In the Original Greek…

Click the cartoon below to read a humorous blog post about the use of Greek in the pulpit…

Sad, but true...

For related blog posts of my own along the same lines, see:



Also, see this useful post from A Pilgrim’s Progress by Eric Carpenter:


Original Languages and the Priesthood of Believers



…to which I commented…

I lean toward less Greek in the pulpit as much of the Greek references used tend to give an artificial authority over the text (as many here have commented) and much is just plain wrong. The hidden secret that seminarians don’t want you to know is that they don’t actually ‘know’ Greek at all. They only learn just enough grammatical jargon to parrott what they read in commentaries (and Bible software). Ask your pastor if he were able to order a pizza in Greek or translate a section of the local newspaper into the Greek language -he will not be able to.

Besides, the language scholars have far wider disagreements about the meanings of seemingly simple Bible texts than English Bible readers do. It seems that presuppositions have a greater influence on interpretation than learning!
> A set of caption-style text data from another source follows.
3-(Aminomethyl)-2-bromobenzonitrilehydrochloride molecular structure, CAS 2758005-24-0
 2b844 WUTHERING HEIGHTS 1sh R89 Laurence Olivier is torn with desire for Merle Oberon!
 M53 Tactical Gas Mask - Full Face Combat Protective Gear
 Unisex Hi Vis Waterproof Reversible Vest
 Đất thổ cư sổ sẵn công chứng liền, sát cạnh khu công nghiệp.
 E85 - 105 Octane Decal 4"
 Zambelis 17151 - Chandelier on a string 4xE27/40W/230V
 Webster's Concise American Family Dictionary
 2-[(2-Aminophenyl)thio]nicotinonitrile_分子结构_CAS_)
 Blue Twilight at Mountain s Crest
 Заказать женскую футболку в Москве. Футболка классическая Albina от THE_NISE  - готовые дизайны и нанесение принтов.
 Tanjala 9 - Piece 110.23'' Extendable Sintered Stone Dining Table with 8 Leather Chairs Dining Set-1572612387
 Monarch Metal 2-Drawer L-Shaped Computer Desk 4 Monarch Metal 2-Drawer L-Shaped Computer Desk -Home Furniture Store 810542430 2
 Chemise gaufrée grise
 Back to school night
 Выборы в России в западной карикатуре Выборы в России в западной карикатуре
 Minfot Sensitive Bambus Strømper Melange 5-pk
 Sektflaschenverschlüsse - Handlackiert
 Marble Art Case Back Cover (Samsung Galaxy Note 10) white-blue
For those of you that don’t know the original languages, I’ll let you in on another insider secret – the Greek is VERY ambiguous. Where an English translation is ambiguous, the Greek may be more so. Many times you hear folks appeal to the original language as being more clear – this is a sure sign of someone who is an amateur in the language he is expounding.

A major error of original language sermon references is the ‘word study’ – not an inductive study of how a particular word is used by a particular writer or in a particular genre, mind you, but rather the packing of a tremendous amount of baggage into a word. How it is that we can pack a paragraph worth of information into a single word? Remember, a sentence completes a thought – not a word. Paul and Peter didn’t resort to word studies and original language references in their references to the Old Testament, we don’t need to either.

By the way, the Bible student would be MUCH better served by studying the historical context of a given Bible passage and making a thorough comparison of Scripture with Scripture, if he were to really gain a good grasp on scripture.